This is a list of common arguments for and against media consolidation.

Arguments in Favor of the Corporate Media System

1) The lack of government control argument. Regardless of any problems that exist in a corporate media system, many people see it as superior to a system that is controlled by the government.

2) The "eyeball democracy" argument. Because the corporate media system is one that is primarily interested in profit, it is based upon ratings. If something is popular, it will remain in the media, but if it is not popular, it's gone. Because of this, consumers essentially get to vote for content with their eyeballs. If they watch it, it stays on the air. If they don't watch it, it goes away. Although consumers don't always get exactly what they want, that's how democracy works: majority rules.

3)The quality programming argument. Because people "vote with their eyeballs," quality media tends to stay in business, while poor quality media does not.

4)The synergy argument. Because media companies control so many related things, consumers can benefit through convenience. For example, thanks to media deregulation, a consumer can now purchase digital television, high speed Internet, and phone service from the same company, and pay a bundled price on one bill.

5)The media diversity argument. Because there are so many different outlets these days--thousands of television stations, radio stations, alternative newspapers, and, of course, the Internet-- it doesn't matter so much if most of the media are owned by a few. Plenty of opportunity is out there for everyone to have a voice.


Arguments Against the Corporate Media System

1)The "market censorship" argument. Because the corporate media system is primarily concerned about profit and ratings, controversial ideas often do not get much or any media coverage. This is true of ideas that are far to the left, far to the right, or otherwise outside of mainstream conventions. In effect, the market "censors" these ideas.

2)The poor quality argument. Corporate media can hinder quality programming because it squelches innovation-- especially on media that are expensive to produce, like television.

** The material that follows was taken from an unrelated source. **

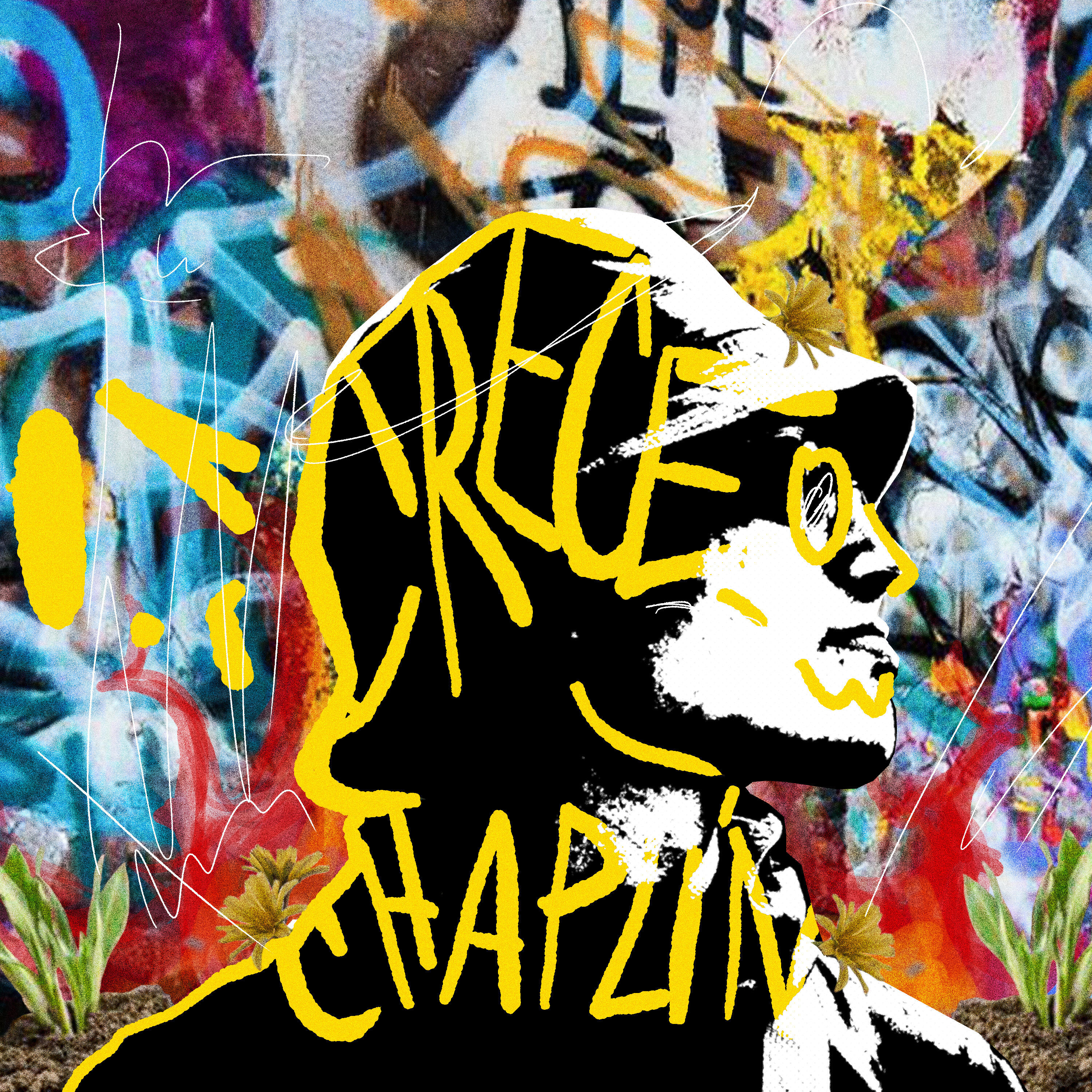Релиз Crece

Someone may have a great idea for a television show, but because it hasn't been tried before, it's considered too risky-- so the network makes yet another batch of reality shows and sexy doctor shows instead.

3)The conflict of interest argument. Ideally, the media are supposed to be gatekeepers who keep tabs on the powerful people in society and prevent them from abusing their power. However, the media themselves have become the powerful people-- so how can they be expected to keep tabs of the abuse of power, especially when abuses of power relate to corporations?

4)The monopoly argument. When markets are unregulated and companies have a monopoly or near-monopoly on services, consumers can lose out because of higher prices and poor service. When a company controls a huge portion of the media in a given market, that's a monopoly.